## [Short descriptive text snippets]
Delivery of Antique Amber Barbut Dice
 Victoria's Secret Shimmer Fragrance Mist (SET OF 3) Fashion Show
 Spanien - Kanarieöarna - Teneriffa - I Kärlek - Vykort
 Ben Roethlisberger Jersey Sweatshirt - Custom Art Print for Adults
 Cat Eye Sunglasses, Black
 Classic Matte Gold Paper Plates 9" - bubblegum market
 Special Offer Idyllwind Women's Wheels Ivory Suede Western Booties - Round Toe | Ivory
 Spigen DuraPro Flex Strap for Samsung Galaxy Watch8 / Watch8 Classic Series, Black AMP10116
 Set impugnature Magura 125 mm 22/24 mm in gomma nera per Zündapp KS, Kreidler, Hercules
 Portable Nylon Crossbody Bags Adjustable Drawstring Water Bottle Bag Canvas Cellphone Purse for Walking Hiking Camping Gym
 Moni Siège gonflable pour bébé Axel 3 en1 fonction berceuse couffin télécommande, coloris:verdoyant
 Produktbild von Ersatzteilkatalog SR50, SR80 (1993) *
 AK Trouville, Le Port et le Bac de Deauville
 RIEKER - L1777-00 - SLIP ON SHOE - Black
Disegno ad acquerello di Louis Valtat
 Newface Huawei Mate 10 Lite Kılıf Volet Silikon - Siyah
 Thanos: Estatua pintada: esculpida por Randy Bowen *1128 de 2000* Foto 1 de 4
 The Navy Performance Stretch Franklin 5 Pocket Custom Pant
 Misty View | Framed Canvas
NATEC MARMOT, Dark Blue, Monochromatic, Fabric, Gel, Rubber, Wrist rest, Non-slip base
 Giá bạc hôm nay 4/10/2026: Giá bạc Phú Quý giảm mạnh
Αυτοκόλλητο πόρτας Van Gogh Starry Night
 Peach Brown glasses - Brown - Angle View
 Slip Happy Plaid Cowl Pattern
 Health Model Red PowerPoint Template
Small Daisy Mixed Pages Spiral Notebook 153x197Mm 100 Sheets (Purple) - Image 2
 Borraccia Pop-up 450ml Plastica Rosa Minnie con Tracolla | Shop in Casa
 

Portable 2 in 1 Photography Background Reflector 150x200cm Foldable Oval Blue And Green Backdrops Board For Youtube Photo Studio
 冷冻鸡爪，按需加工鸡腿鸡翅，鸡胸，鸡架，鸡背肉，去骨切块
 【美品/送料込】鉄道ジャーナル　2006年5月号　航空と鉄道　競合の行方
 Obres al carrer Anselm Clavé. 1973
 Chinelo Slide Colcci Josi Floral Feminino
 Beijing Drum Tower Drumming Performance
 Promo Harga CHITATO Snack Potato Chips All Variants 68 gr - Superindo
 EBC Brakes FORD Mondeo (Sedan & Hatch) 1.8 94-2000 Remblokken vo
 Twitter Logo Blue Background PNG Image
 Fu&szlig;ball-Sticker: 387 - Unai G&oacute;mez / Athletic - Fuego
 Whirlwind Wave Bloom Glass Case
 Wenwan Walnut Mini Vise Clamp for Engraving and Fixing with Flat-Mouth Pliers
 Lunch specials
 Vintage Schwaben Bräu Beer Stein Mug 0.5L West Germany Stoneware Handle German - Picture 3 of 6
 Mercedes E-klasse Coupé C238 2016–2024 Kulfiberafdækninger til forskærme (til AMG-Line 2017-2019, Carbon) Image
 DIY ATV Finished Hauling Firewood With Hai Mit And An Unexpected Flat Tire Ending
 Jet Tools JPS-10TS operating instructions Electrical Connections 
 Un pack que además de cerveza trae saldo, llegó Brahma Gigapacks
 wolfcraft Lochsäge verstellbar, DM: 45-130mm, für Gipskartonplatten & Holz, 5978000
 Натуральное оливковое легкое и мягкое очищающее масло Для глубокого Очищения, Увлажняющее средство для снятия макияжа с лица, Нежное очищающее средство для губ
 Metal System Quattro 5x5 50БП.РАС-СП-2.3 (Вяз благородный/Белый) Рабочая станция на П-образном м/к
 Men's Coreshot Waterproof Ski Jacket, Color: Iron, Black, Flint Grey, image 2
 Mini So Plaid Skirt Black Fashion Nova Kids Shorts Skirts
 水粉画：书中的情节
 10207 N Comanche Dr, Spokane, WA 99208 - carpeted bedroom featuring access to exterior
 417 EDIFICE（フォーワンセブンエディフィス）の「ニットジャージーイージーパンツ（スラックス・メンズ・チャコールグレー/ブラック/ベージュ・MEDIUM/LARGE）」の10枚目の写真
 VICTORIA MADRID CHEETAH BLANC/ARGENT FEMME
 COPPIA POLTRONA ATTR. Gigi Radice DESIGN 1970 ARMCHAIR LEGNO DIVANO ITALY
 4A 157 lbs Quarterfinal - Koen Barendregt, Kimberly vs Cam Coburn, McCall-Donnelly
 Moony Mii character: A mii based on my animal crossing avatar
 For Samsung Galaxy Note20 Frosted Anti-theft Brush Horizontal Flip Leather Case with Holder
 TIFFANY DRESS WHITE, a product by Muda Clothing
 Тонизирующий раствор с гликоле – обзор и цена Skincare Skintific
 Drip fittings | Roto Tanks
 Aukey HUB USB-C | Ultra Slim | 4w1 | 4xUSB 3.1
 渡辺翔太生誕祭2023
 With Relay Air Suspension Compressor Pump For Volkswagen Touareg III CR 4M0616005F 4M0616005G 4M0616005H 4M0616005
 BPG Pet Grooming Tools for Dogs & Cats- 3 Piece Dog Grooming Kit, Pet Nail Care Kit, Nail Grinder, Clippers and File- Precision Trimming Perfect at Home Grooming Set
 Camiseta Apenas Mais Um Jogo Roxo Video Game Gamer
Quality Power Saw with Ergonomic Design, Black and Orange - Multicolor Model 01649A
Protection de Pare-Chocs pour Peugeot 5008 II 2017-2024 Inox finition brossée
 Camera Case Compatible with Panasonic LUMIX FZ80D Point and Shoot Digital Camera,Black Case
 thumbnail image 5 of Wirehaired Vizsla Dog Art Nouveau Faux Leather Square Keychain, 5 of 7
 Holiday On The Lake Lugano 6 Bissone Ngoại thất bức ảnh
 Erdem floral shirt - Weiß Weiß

## [EXERCISE GOAL]
Among the entries, how many lines include the string "Blue"? Please reply with only the number.

## [EXPECTED ANSWER]
3